An F reorganization is 'mere change in identity, form, or place of organization of one corporation' (Reg. section 368(a)(1)(F)). By itself, an F reorganization might not accomplish much from a tax perspective. Combined with other steps, however, F reorganizations can help corporations improve their restructuring results.

A recent private letter ruling, PLR 201611015, illustrates this type of combination. The ruling involved a publicly traded corporation, which we will call Old F. It was engaged in two business segments, Business A and Business B.  

Old F’s restructuring separated the Business A and Business B assets. It combined an F reorganization and subsequent restructuring. The F reorganization involved a merger that essentially replaced the old parent corporation, Old F, with a new one that we will call New F.  Old F became a subsidiary of the New F and then converted to a limited liability company (LLC).

This F reorganization is similar to an example in the regulations adopted in 2015 (Reg. section 1.368-2(m)(4), Ex. 5). Unlike the regulations’ example, however, PLR 201611015 involved reincorporating some of Old F’s assets (the Business B assets) in a second tier subsidiary. That second tier subsidiary was Old F, which was contributed to a first tier subsidiary of New F and then re-converted from an LLC to a corporation. The IRS held that this reincorporation of the Business B assets did not affect the F reorganization’s tax-free treatment.

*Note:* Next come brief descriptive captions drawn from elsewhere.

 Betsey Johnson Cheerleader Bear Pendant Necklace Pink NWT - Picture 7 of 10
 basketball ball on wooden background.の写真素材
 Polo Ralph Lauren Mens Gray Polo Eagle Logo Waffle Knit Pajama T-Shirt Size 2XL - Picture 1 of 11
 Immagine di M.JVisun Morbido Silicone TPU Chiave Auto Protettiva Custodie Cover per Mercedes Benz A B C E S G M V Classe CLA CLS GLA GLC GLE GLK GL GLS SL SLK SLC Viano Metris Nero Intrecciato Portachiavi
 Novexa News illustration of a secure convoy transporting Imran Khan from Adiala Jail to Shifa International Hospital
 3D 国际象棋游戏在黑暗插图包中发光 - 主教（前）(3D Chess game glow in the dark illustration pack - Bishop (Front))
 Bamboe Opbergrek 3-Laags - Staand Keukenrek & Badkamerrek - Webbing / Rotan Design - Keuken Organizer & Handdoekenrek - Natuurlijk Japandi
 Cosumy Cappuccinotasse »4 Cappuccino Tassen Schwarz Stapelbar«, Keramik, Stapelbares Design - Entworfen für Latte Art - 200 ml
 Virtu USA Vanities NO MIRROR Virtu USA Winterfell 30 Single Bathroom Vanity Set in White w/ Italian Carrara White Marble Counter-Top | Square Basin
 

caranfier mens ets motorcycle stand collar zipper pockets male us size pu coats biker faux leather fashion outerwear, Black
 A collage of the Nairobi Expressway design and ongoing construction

At the end of the day, New F retained the Business A assets. The Business B assets, on the other hand, had moved to a new position in the corporate structure even though they were still held by the same legal entity as in the beginning (i.e., Old F, the former parent company).

Having continuous ownership of business assets in the same legal entity can be important. For example, asset transfers between entities may face obstacles such as license requirements and contractual restrictions. The ruling does not indicate whether Old F faced any of these obstacles. However, it does illustrate how F reorganizations can help corporations overcome legal restrictions when they arise.